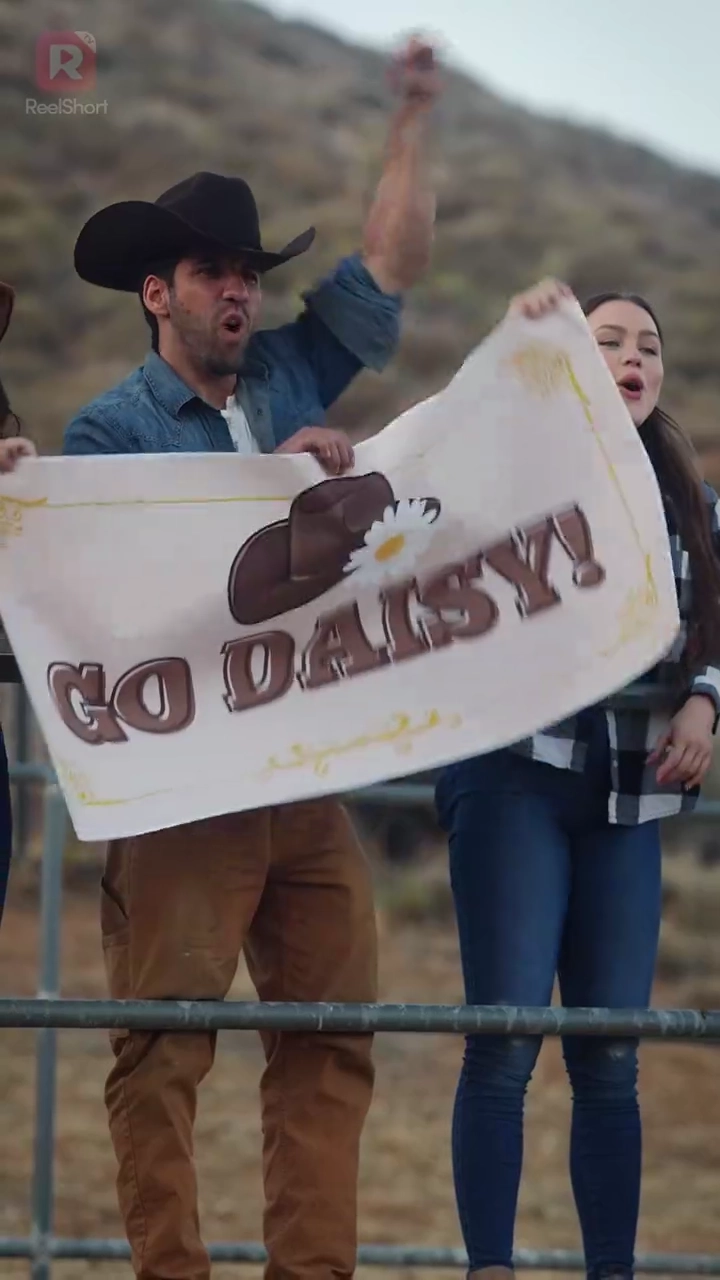 Daisy Tucker dan Pria Kotafoto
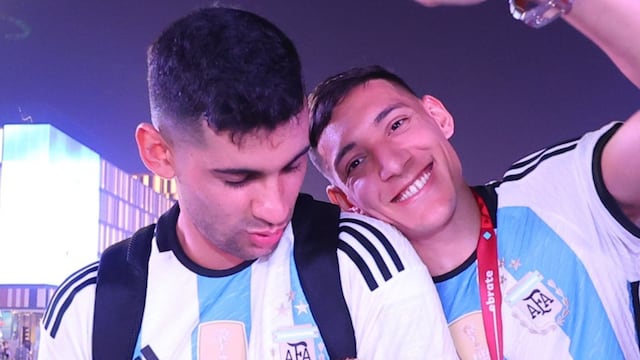 Posteo de los jugadores cordobeses de la selección argentina campeona del mundo en el arribo al país.
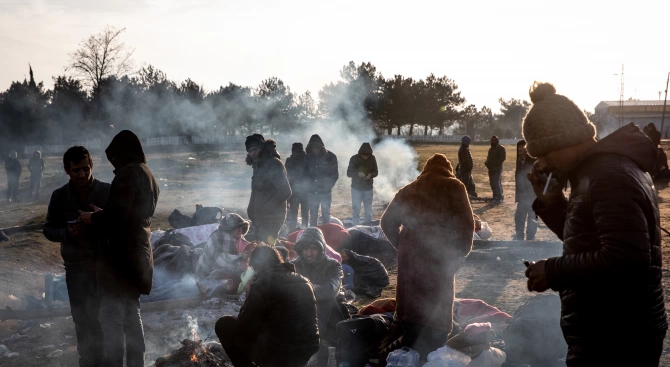 Сирийски мигрант опитващ се да премине от Турция в Гърция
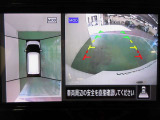 アラウンドビューモニターで車庫入れも空から見ている様に駐車できラクラクです。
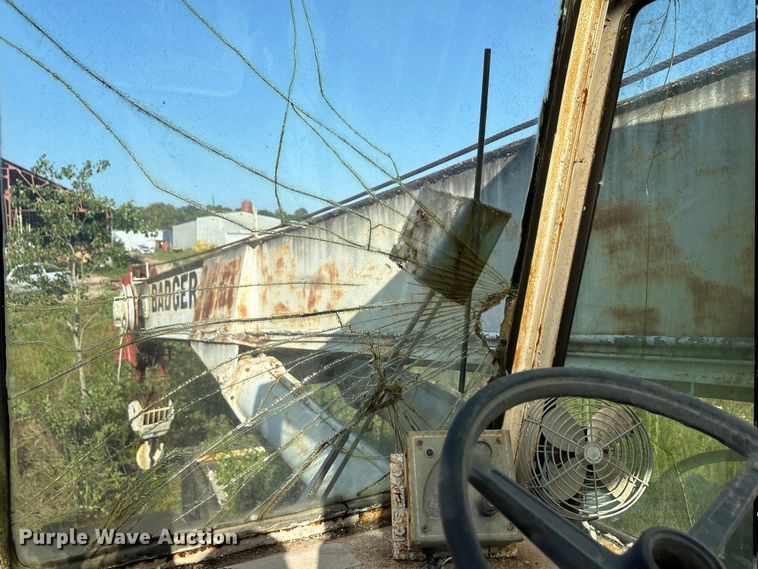 image for item EA7503 1984 Badger 4450 Series B crane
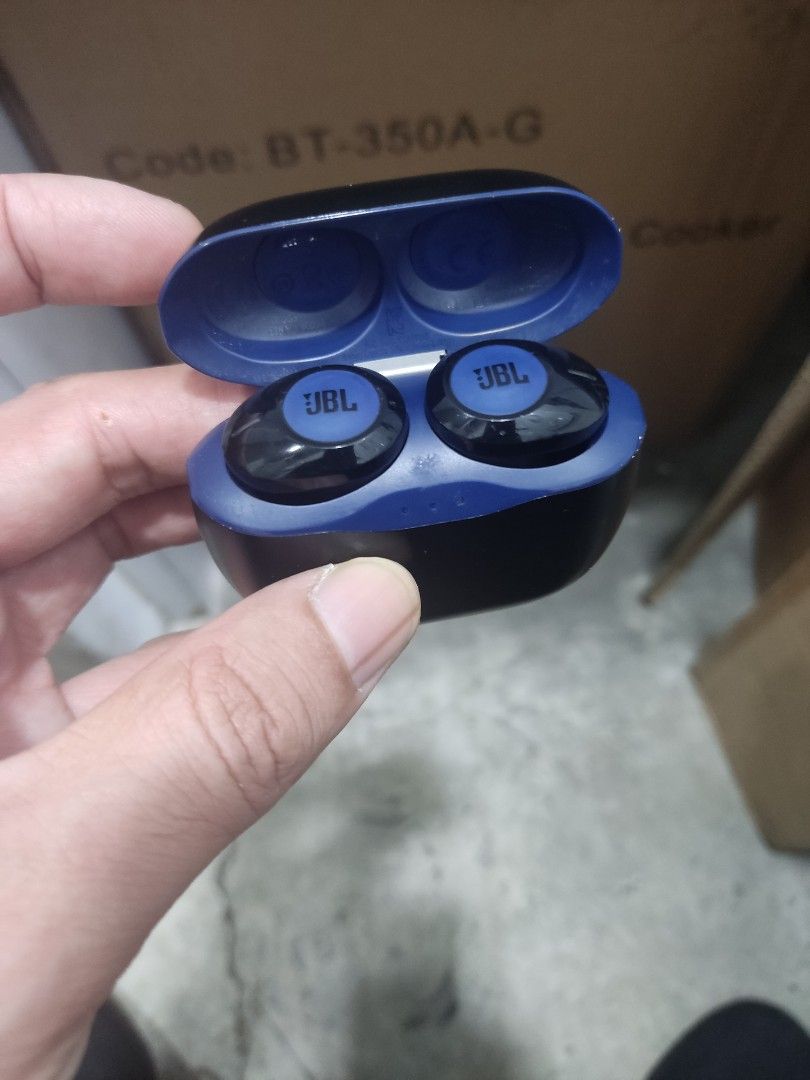JBL earbuds, Audio, Earphones on Carousell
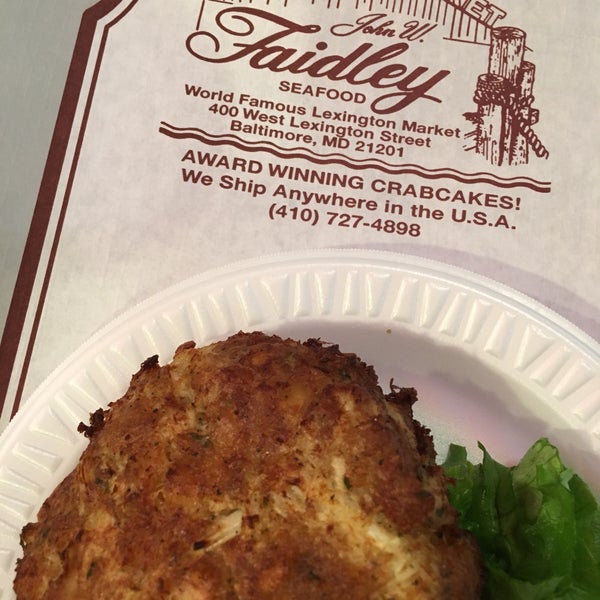 Friendly service. Backfin crab cake makes a great quick lunch.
* * *
# The problem
From the line that contains "Posteo de los" through the last line of the listing, copy each line exactly; both end lines stay in, and pictures stay out.

# Task output
 Posteo de los jugadores cordobeses de la selección argentina campeona del mundo en el arribo al país.
 Сирийски мигрант опитващ се да премине от Турция в Гърция
 アラウンドビューモニターで車庫入れも空から見ている様に駐車できラクラクです。
 image for item EA7503 1984 Badger 4450 Series B crane
JBL earbuds, Audio, Earphones on Carousell
 Friendly service. Backfin crab cake makes a great quick lunch.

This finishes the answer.